But if __copy_to_user() is kept last in copy_struct_to_user(), this
should stay for symmetry.

> +	return 0;

As above.

> +}
> +EXPORT_SYMBOL(copy_struct_from_user);

As above.

Rasmus
Andreas Schwab Sept. 5, 2019, 9:09 a.m. UTC | #5
On Sep 05 2019, Aleksa Sarai <cyphar@cyphar.com> wrote:

> diff --git a/lib/struct_user.c b/lib/struct_user.c
> new file mode 100644
> index 000000000000..7301ab1bbe98
> --- /dev/null
> +++ b/lib/struct_user.c
> @@ -0,0 +1,182 @@
> +// SPDX-License-Identifier: GPL-2.0-or-later
> +/*
> + * Copyright (C) 2019 SUSE LLC
> + * Copyright (C) 2019 Aleksa Sarai <cyphar@cyphar.com>
> + */
> +
> +#include <linux/types.h>
> +#include <linux/export.h>
> +#include <linux/uaccess.h>
> +#include <linux/kernel.h>
> +#include <linux/string.h>
> +
> +#define BUFFER_SIZE 64
> +
> +/*
> + * "memset(p, 0, size)" but for user space buffers. Caller must have already
> + * checked access_ok(p, size).
> + */
> +static int __memzero_user(void __user *p, size_t s)
> +{
> +	const char zeros[BUFFER_SIZE] = {};

Perhaps make that static?

Andreas.
Aleksa Sarai Sept. 5, 2019, 9:26 a.m. UTC | #6
On 2019-09-05, Peter Zijlstra <peterz@infradead.org> wrote:
> On Thu, Sep 05, 2019 at 06:19:22AM +1000, Aleksa Sarai wrote:
> > +/**
> > + * copy_struct_to_user: copy a struct to user space
> > + * @dst:   Destination address, in user space.
> > + * @usize: Size of @dst struct.
> > + * @src:   Source address, in kernel space.
> > + * @ksize: Size of @src struct.
> > + *
> > + * Copies a struct from kernel space to user space, in a way that guarantees
> > + * backwards-compatibility for struct syscall arguments (as long as future
> > + * struct extensions are made such that all new fields are *appended* to the
> > + * old struct, and zeroed-out new fields have the same meaning as the old
> > + * struct).
> > + *
> > + * @ksize is just sizeof(*dst), and @usize should've been passed by user space.
> > + * The recommended usage is something like the following:
> > + *
> > + *   SYSCALL_DEFINE2(foobar, struct foo __user *, uarg, size_t, usize)
> > + *   {
> > + *      int err;
> > + *      struct foo karg = {};
> > + *
> > + *      // do something with karg
> > + *
> > + *      err = copy_struct_to_user(uarg, usize, &karg, sizeof(karg));
> > + *      if (err)
> > + *        return err;
> > + *
> > + *      // ...
> > + *   }
> > + *
> > + * There are three cases to consider:
> > + *  * If @usize == @ksize, then it's copied verbatim.
> > + *  * If @usize < @ksize, then kernel space is "returning" a newer struct to an
> > + *    older user space.
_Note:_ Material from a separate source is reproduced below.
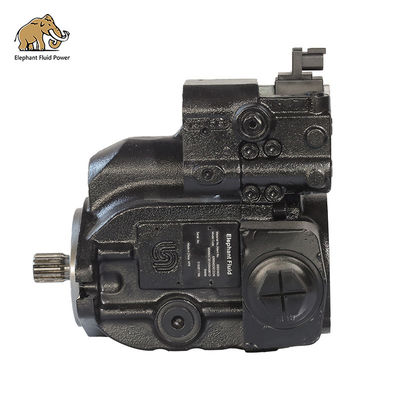 Oem Sauer Danfoss Krr Series Krr045dls193 0nnn 3c2npa6nkn Bnn Pompa Piston Hidraulik Untuk Mesin Konstruksi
In order to avoid user space getting incomplete
> > + *    information (new fields might be important), all trailing bytes in @src
> > + *    (@ksize - @usize) must be zerored
> 
> s/zerored/zero/, right?

It should've been "zeroed".

> >                                          , otherwise -EFBIG is returned.
> 
> 'Funny' that, copy_struct_from_user() below seems to use E2BIG.
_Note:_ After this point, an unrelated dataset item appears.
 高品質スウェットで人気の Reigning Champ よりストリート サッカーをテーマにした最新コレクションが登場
This is a copy of the semantics that sched_[sg]etattr(2) uses -- E2BIG for
a "too big" struct passed to the kernel, and EFBIG for a "too big"
struct passed to user-space. I would personally have preferred EMSGSIZE
instead of EFBIG, but felt using the existing error codes would be less
confusing.

> 
> > + *  * If @usize > @ksize, then the kernel is "returning" an older struct to a
> > + *    newer user space. The trailing bytes in @dst (@usize - @ksize) will be
> > + *    zero-filled.
> > + *
> > + * Returns (in all cases, some data may have been copied):
> > + *  * -EFBIG:  (@usize < @ksize) and there are non-zero trailing bytes in @src.
> > + *  * -EFAULT: access to user space failed.
> > + */
> > +int copy_struct_to_user(void __user *dst, size_t usize,
> > +			const void *src, size_t ksize)
> > +{
> > +	size_t size = min(ksize, usize);
> > +	size_t rest = abs(ksize - usize);
> > +
> > +	if (unlikely(usize > PAGE_SIZE))
> > +		return -EFAULT;
> 
> Not documented above. Implementation consistent with *from*, but see
> below.

Will update the kernel-doc.

> > +	if (unlikely(!access_ok(dst, usize)))
> > +		return -EFAULT;
> > +
> > +	/* Deal with trailing bytes. */
> > +	if (usize < ksize) {
> > +		if (memchr_inv(src + size, 0, rest))
> > +			return -EFBIG;
> > +	} else if (usize > ksize) {
> > +		if (__memzero_user(dst + size, rest))
> > +			return -EFAULT;
> > +	}
> > +	/* Copy the interoperable parts of the struct. */
> > +	if (__copy_to_user(dst, src, size))
> > +		return -EFAULT;
> > +	return 0;
> > +}
> > +EXPORT_SYMBOL(copy_struct_to_user);
> > +
> > +/**
> > + * copy_struct_from_user: copy a struct from user space
> > + * @dst:   Destination address, in kernel space. This buffer must be @ksize
> > + *         bytes long.
> > + * @ksize: Size of @dst struct.
> > + * @src:   Source address, in user space.
> > + * @usize: (Alleged) size of @src struct.
> > + *
> > + * Copies a struct from user space to kernel space, in a way that guarantees
> > + * backwards-compatibility for struct syscall arguments (as long as future
> > + * struct extensions are made such that all new fields are *appended* to the
> > + * old struct, and zeroed-out new fields have the same meaning as the old
> > + * struct).
> > + *
> > + * @ksize is just sizeof(*dst), and @usize should've been passed by user space.
> > + * The recommended usage is something like the following:
> > + *
> > + *   SYSCALL_DEFINE2(foobar, const struct foo __user *, uarg, size_t, usize)
> > + *   {
> > + *      int err;
> > + *      struct foo karg = {};
> > + *
> > + *      err = copy_struct_from_user(&karg, sizeof(karg), uarg, size);
> > + *      if (err)
> > + *        return err;
> > + *
> > + *      // ...
> > + *   }
> > + *
> > + * There are three cases to consider:
> > + *  * If @usize == @ksize, then it's copied verbatim.
> > + *  * If @usize < @ksize, then the user space has passed an old struct to a
> > + *    newer kernel. The rest of the trailing bytes in @dst (@ksize - @usize)
> > + *    are to be zero-filled.
> > + *  * If @usize > @ksize, then the user space has passed a new struct to an
> > + *    older kernel. The trailing bytes unknown to the kernel (@usize - @ksize)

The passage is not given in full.